- Born: 8 July 1977 (age 49) Charleroi, Belgium
- Origin: Belgium
- Genres: Dance; Eurodance; trance;
- Occupations: DJ; dancer; model;
- Years active: 2003–present
- Labels: Do It Yourself; Tunnel Records;

= Barbara Tausia =

Belgian choreographer and dancer (born 1977)
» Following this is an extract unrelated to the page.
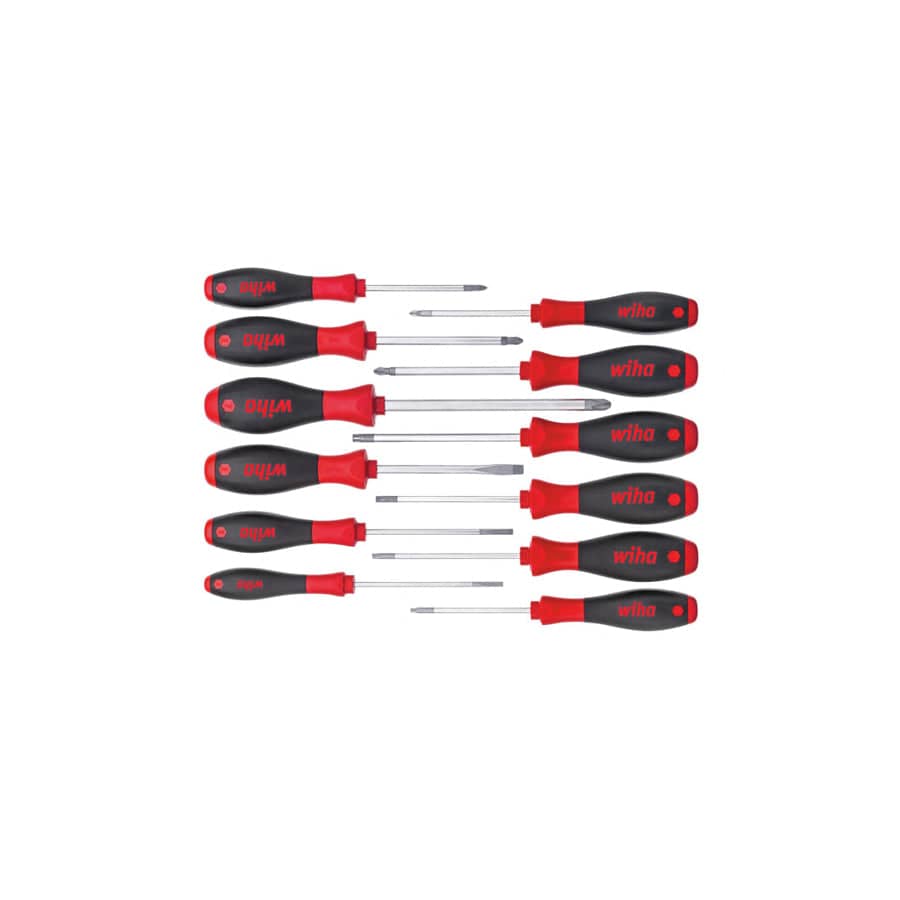 Wiha WHA41002 SoftFinish® Screwdriver Set, 12 Piece | ML Performance UK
Barbara Anelka Tausia (born 8 July 1977) is a Belgian choreographer and dancer. She is the wife of French footballer Nicolas Anelka.

==Biography==

===Career===
Barbara Tausia began her dance and music career as a vocal artist with the French hip hop singer MC Solaar, singing on the song "La La, La La" on his album Cinquième As. In 2003 she was named as the singer of the Italian dance band Eu4ya, releasing a cover of Ricchi e Poveri's "Sarà perché ti amo", following it up in 2004 with a cover of the Steam song "Na Na Hey Hey Kiss Him Goodbye". She is also a dancer on a popular French TV show.

===Company===
In 2006 she founded the event and Public Relations company with her business partner Between in Paris. Between agency has several clients such as Adidas, Quick, Sony Ericsson, Reebok, Paris Saint-Germain F.C., and American celebrities such as P. Diddy, Jay-Z and Timbaland. Between also takes care of Nicolas Anelka's press and public relations.

==Discography==

=== Singles ===

====with Eu4ya====
- 2003: "Sarà perché ti amo"
- 2004: "Na Na Hey Hey Kiss Him Goodbye"

====with MC Solaar====
- 2001: "La La, La La"

==Personal life==
She was raised with her family in Belgium and then moved to Paris for her dance career; there she met Nicolas Anelka. They married on 9 June 2007 in Marrakesh, Morocco.